| Problem to work on |
Repeat, line for line, only the span that opens at the "New 2026 Ford" line and closes at the final line below. Skip the pictures.

─── Dataset excerpts ───

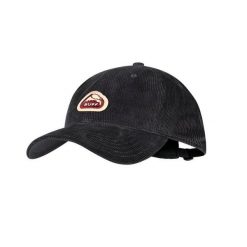 Czapka z daszkiem Buff Baseball Cap. Czarne czapki z daszkiem Buff, bez wzorów. W wyprzedaży za 83.93 zł.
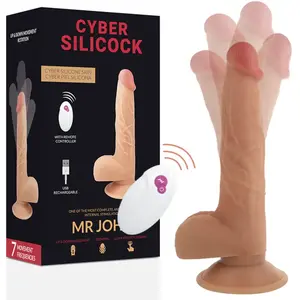 Cock Télécommandé Ultra Réaliste Mr John 23.88 cm - 4. pas cher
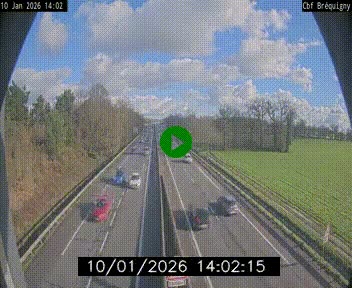 <h2>Webcam sur le périphérique de Rennes (N136) à hauteur du quartier Bréquigny, au sud de la ville</h2>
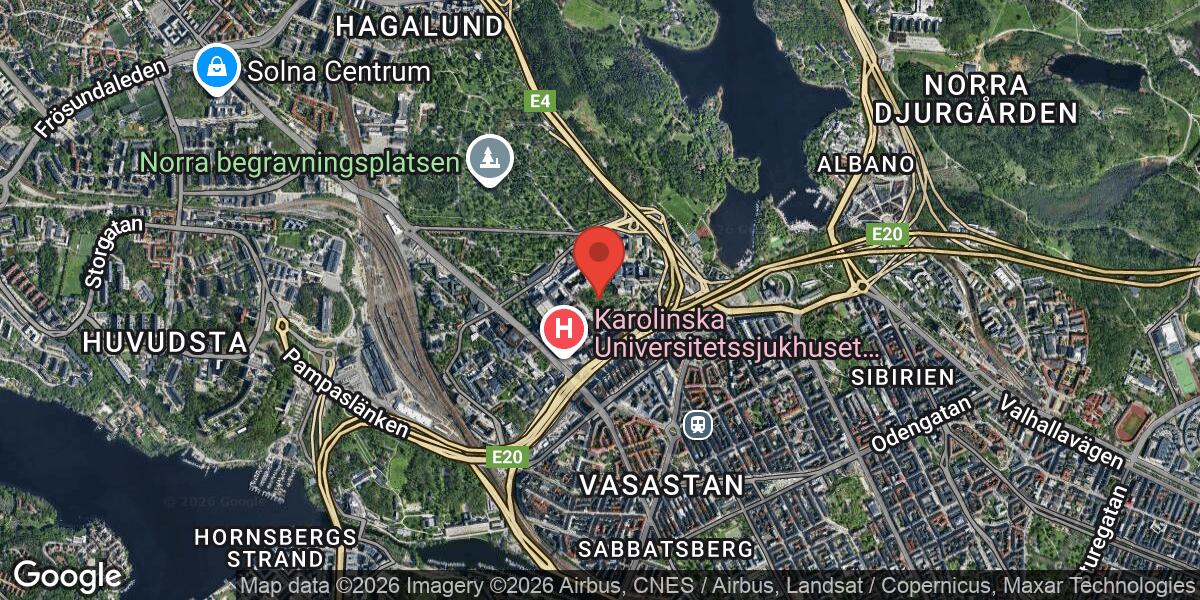 Fordonshaveri på E4.26 i Solna – sanering avslutad
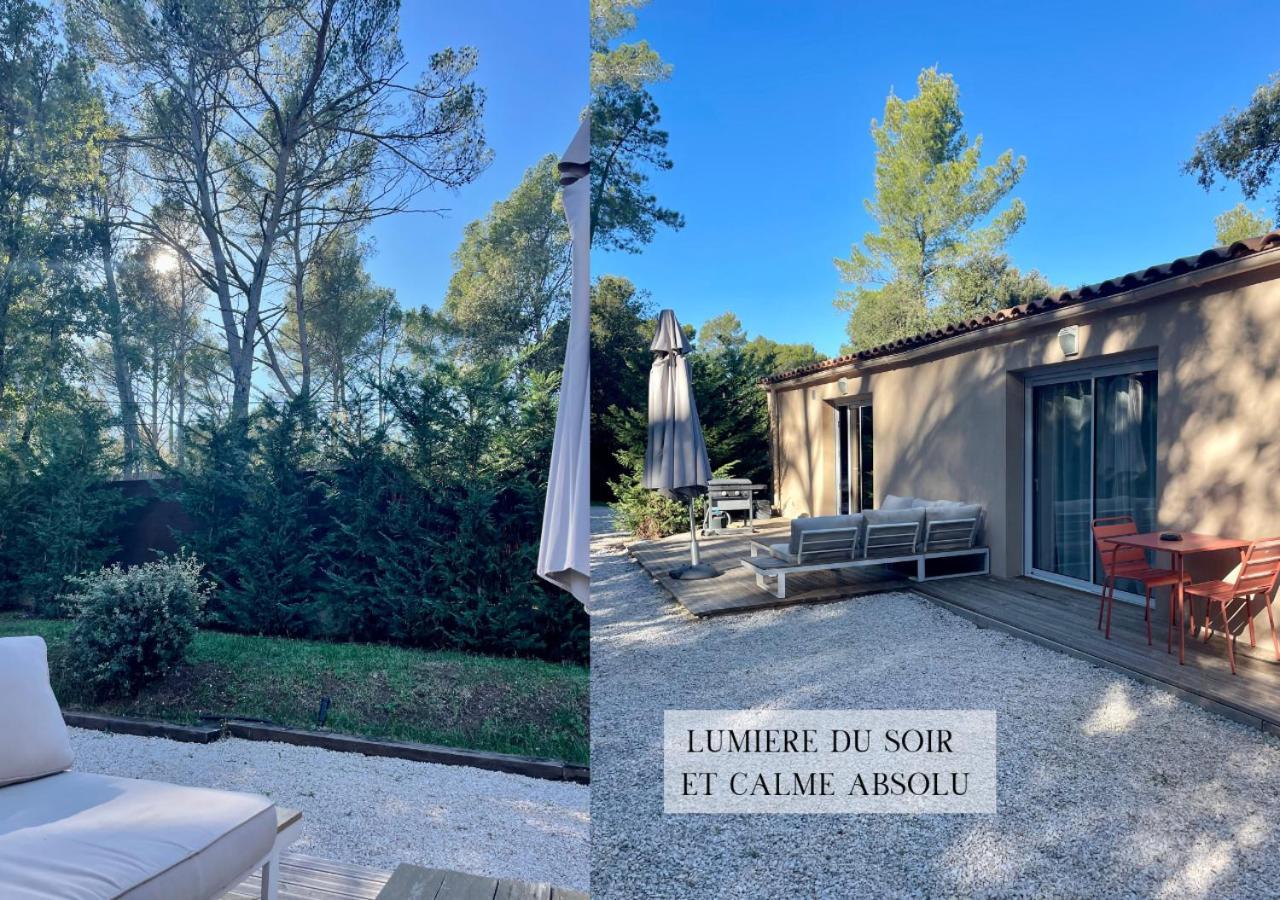 Villa 2Pers Lorgues Piscine, Spa, Hammam Exterior photo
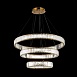 Люстра подвесная ST-Luce Латунь/Прозрачный LED 1*122W 4000K SL1622.303.03 - фото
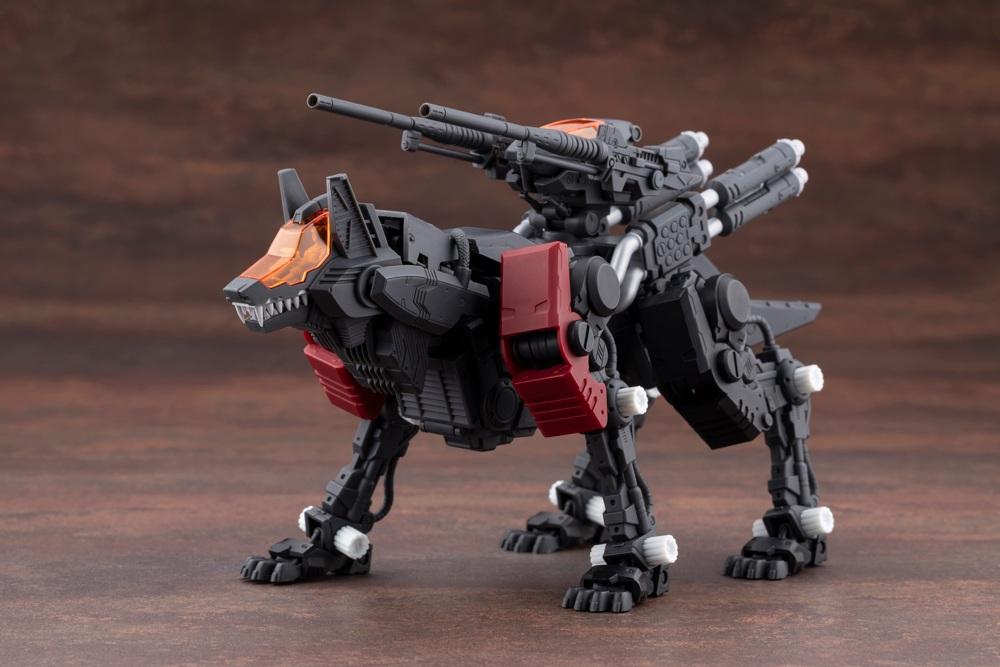 (Model Kits) ZOIDS COMMAND WOLF IRVINE SPECIAL 1999 -Recolor-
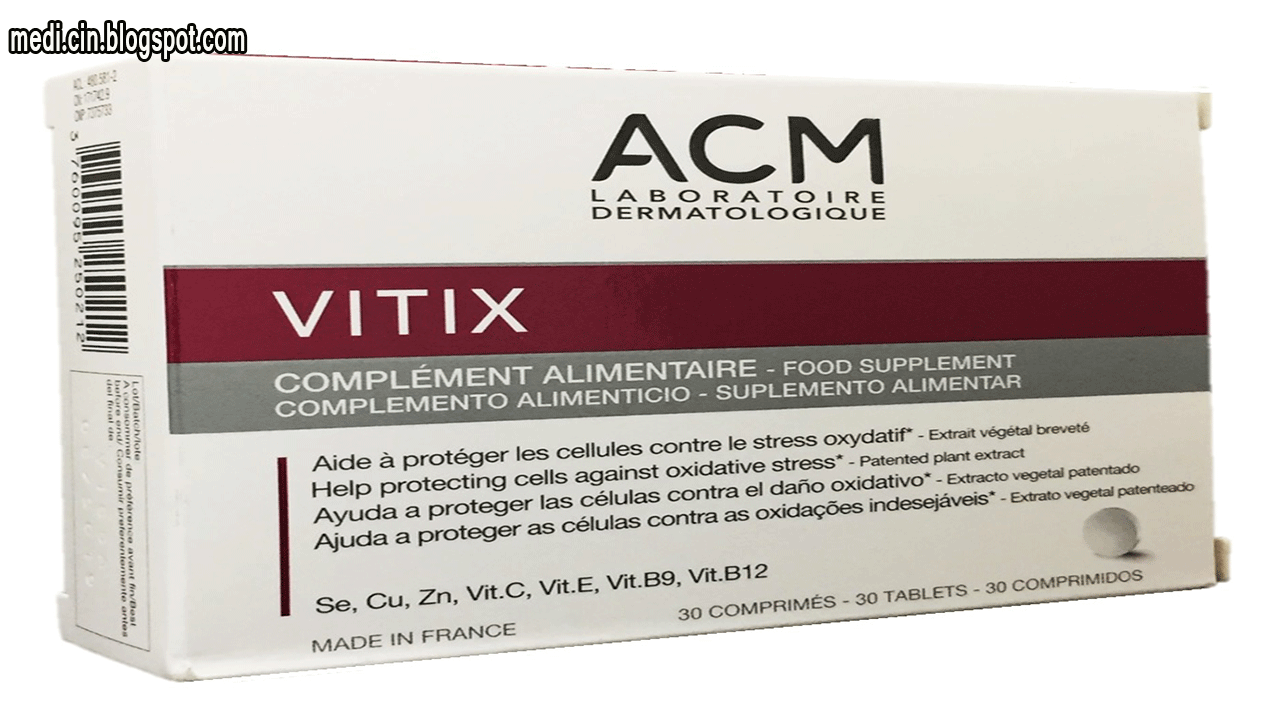 medicinepk vitix tablets formulated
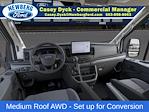 New 2026 Ford Transit 350 Medium Roof Empty Cargo Van thumbnail 8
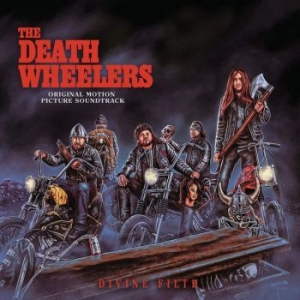 Death Wheelers - Divine Filth in the group VINYL / Hårdrock,Pop-Rock at Bengans Skivbutik AB (3841838)
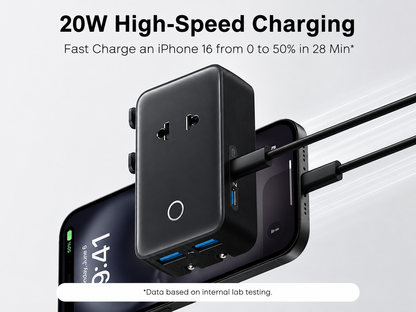 5-in-1 Nano Travel Adapter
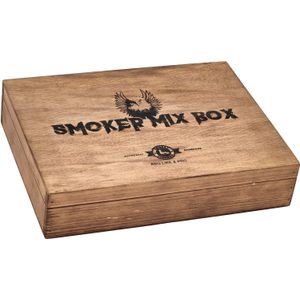 The Bastard rooksnippers Smokey Goodness Smoker Mix box 200 g 5 stuks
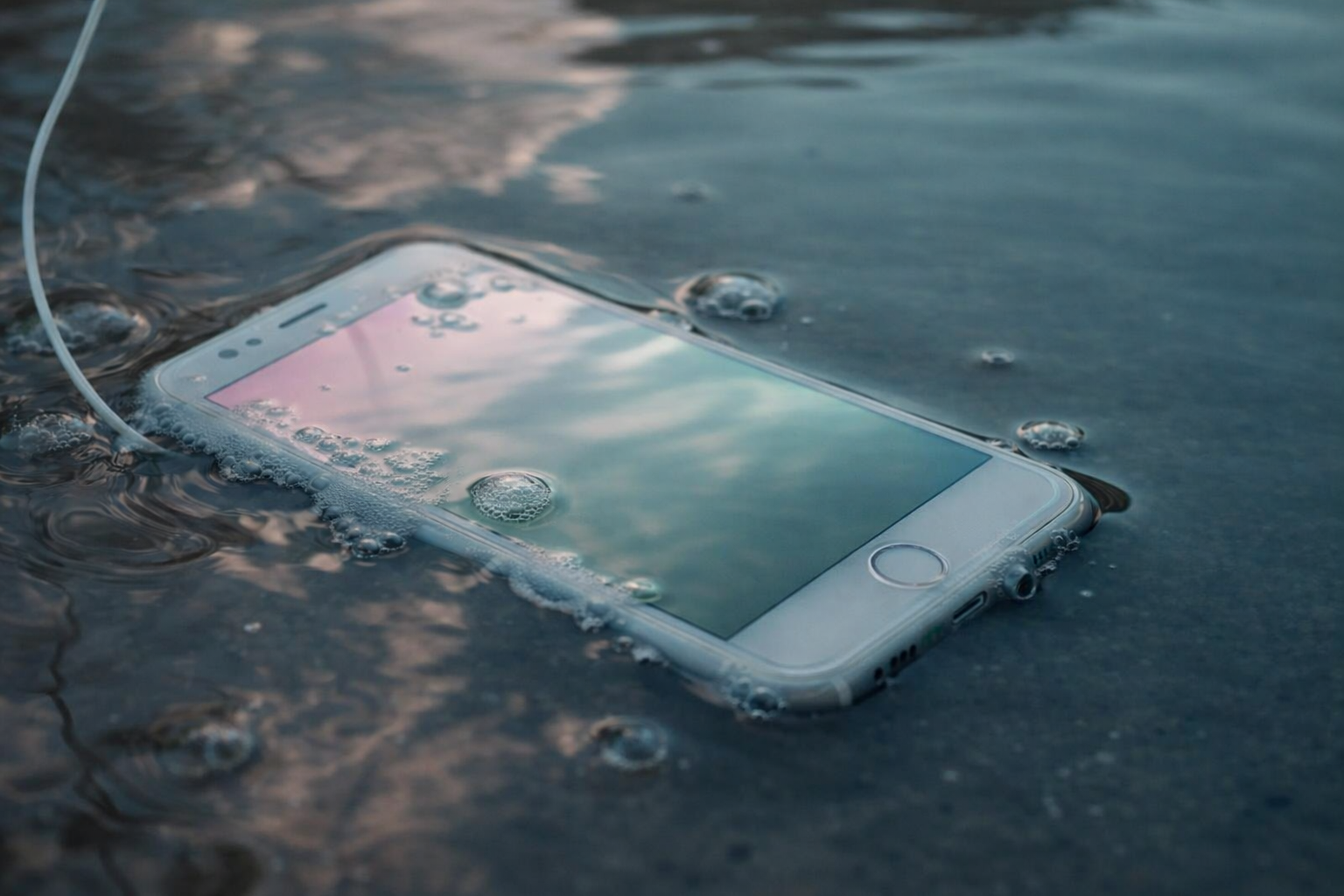 Celular molhado? O Protocolo de Engenharia para Salvar o Hardware e Ejetar Água - Imprensa e Mídia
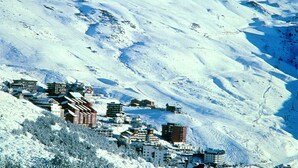 View from property - In the Center Next to the Slopes Parking Space and Wifi (Monachil)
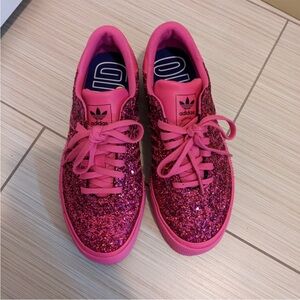 🌈 💖 Host Pick 💖Adidas Originals Sambarose Pink Glitter Shoes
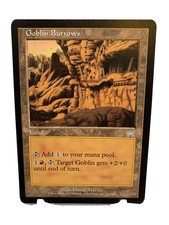 MTG ONSLAUGHT * Goblin Burrows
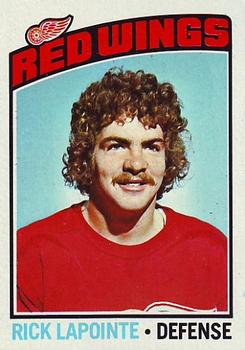 1976-77 Topps #48 Rick Lapointe Front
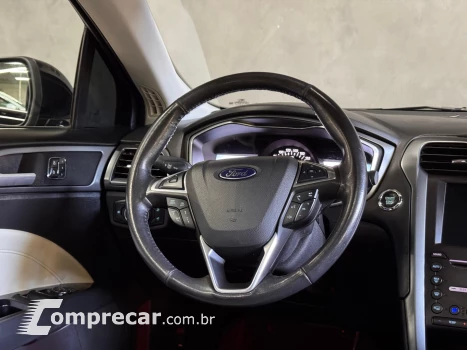 FUSION 2.0 TITANIUM AWD 16V GASOLINA 4P AUTOMÁTICO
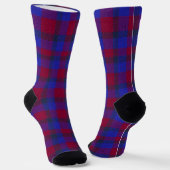  Decorative Plaid ソックス (傾斜あり)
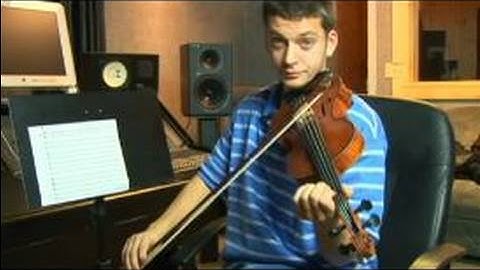 How to Play the Violin: E Minor Scale : Sixth Scale Degree Violin Scales in E Minor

───

| Result of the task |
 New 2026 Ford Transit 350 Medium Roof Empty Cargo Van thumbnail 8
 Death Wheelers - Divine Filth in the group VINYL / Hårdrock,Pop-Rock at Bengans Skivbutik AB (3841838)
 5-in-1 Nano Travel Adapter
 The Bastard rooksnippers Smokey Goodness Smoker Mix box 200 g 5 stuks
 Celular molhado? O Protocolo de Engenharia para Salvar o Hardware e Ejetar Água - Imprensa e Mídia
 View from property - In the Center Next to the Slopes Parking Space and Wifi (Monachil)
 🌈 💖 Host Pick 💖Adidas Originals Sambarose Pink Glitter Shoes
 MTG ONSLAUGHT * Goblin Burrows
 1976-77 Topps #48 Rick Lapointe Front
 FUSION 2.0 TITANIUM AWD 16V GASOLINA 4P AUTOMÁTICO
  Decorative Plaid ソックス (傾斜あり)
 How to Play the Violin: E Minor Scale : Sixth Scale Degree Violin Scales in E Minor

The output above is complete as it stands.